Let me start at the beginning, I am in the process of building 30 odd metres of Hugelbeds. I have the beds mapped out and prepared ready for the wood to go into place and I have loads of wood ready and waiting. I have taken some ideas from various YouTube clips, one is to use stakes to hold branches and sticks against the sides of the finished beds to hold mulch etc in place, also when the beds are finished these stakes can be used as 'leaning' posts to support your wait while you plant, harvest or just tend to the parts of the bed that are just a little out of reach without the need to put a great big foot dent on the bank of the bed itself. To me it seems sensible to hammer these stakes in place during the construction of the bed, that way you don't run the risk of trying to hammer a stake through the tree trunk that is at the base of the bed, also by putting the stakes in place at the beginning of the construction they will also hold everything in place while the beds are being built.

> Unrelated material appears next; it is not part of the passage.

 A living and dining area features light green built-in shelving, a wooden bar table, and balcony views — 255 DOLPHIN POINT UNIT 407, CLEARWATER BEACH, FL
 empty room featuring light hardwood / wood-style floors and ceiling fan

Now we have an abundance of willow on the farm, green willow, and it is really the only wood that we have to make the number of stakes needed, out of, (I have plenty of other wood for the beds, a mixture of seasoned, rotting and green wood, none of which is willow). Willow being willow and also being green wood will grow, or will it? Is there any way that I can stop it from growing? The majority of the stakes have been cut so that the thin end (the growing end) is in the ground and the thicker (the root end) is in the air, does this make any difference? Before I start the major part of the construction I really need to know if we are going to end up with a row of willow trees growing out of the sides of our hugelbeds or not? If it helps I have attached a couple pictures of the beds as they are.
Any ideas or help would be much appreciated
Thanks in advance Burt
If I'm picturing it right, the bed will wind up coming at least halfway up those willow stakes, or maybe to the top, right? So the moist soil and compost will be touching parts that still have bark on them? I think they may root and try to grow. I'd strip off all the bark. If you get a draw knife it shouldn't be too hard. Livestock would eat the bark you stripped off.

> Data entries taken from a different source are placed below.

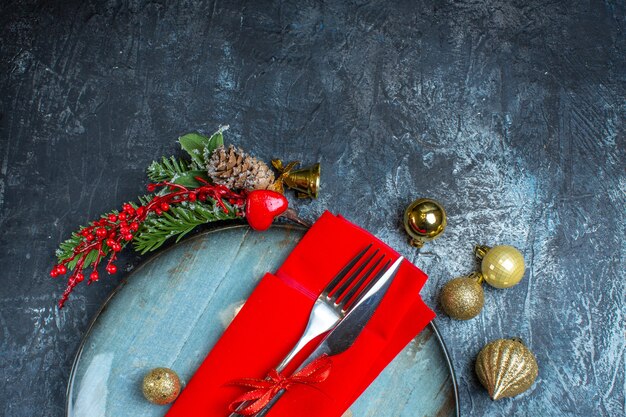 Половина набора столовых приборов с красной лентой на декоративной салфетке на синей тарелке и рождественских аксессуаров на темном фоне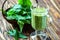 Healthy eating, drinks and diet concept. Beautiful appetizer green smoothie or spinach juice in glass jar with fresh leaves on woo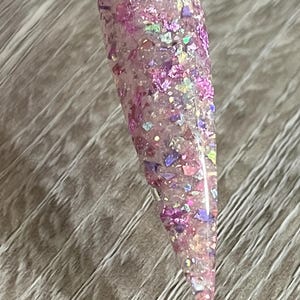 Puede incluir: Una muestra de u&ntilde;a transparente con un dise&ntilde;o de purpurina rosa. La purpurina incluye copos rosas, morados e iridiscentes de varios tama&ntilde;os y formas. La u&ntilde;a es larga y puntiaguda, con un mango de pl&aacute;stico transparente.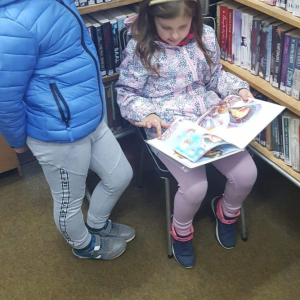 Chłopiec i dziewczynka, dziewczynka czyta książkę
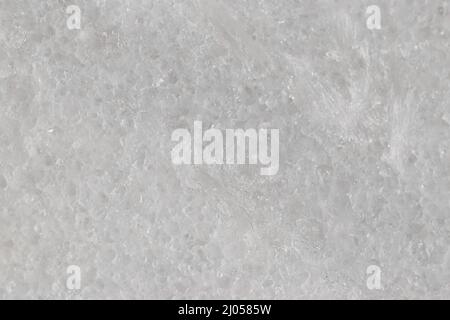 Natural stone tile in light gray color with scratches and marble effect. Stock Photo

That's right, we have piled the large pieces of wood in between the stakes today, the idea is/was that the beds would come part way up the stakes, which would then be cut off at about 10 cms above the level of the bed. Although we've already piled the wood in between I can still get in there and strip the bark. After we've added the wood chips and other assorted goodies it might not be so easy.
Thanks for the reply Renate, I figured that removing the bark would be a good move, unfortunately (or fortunately) people started carting wood up to the beds before I had chance to do it... and who am I to stop people carting all the logs and stumps up the garden to the Hugelbeds (instead of me)
I'll get out there in the morning with my knife and get the bark off.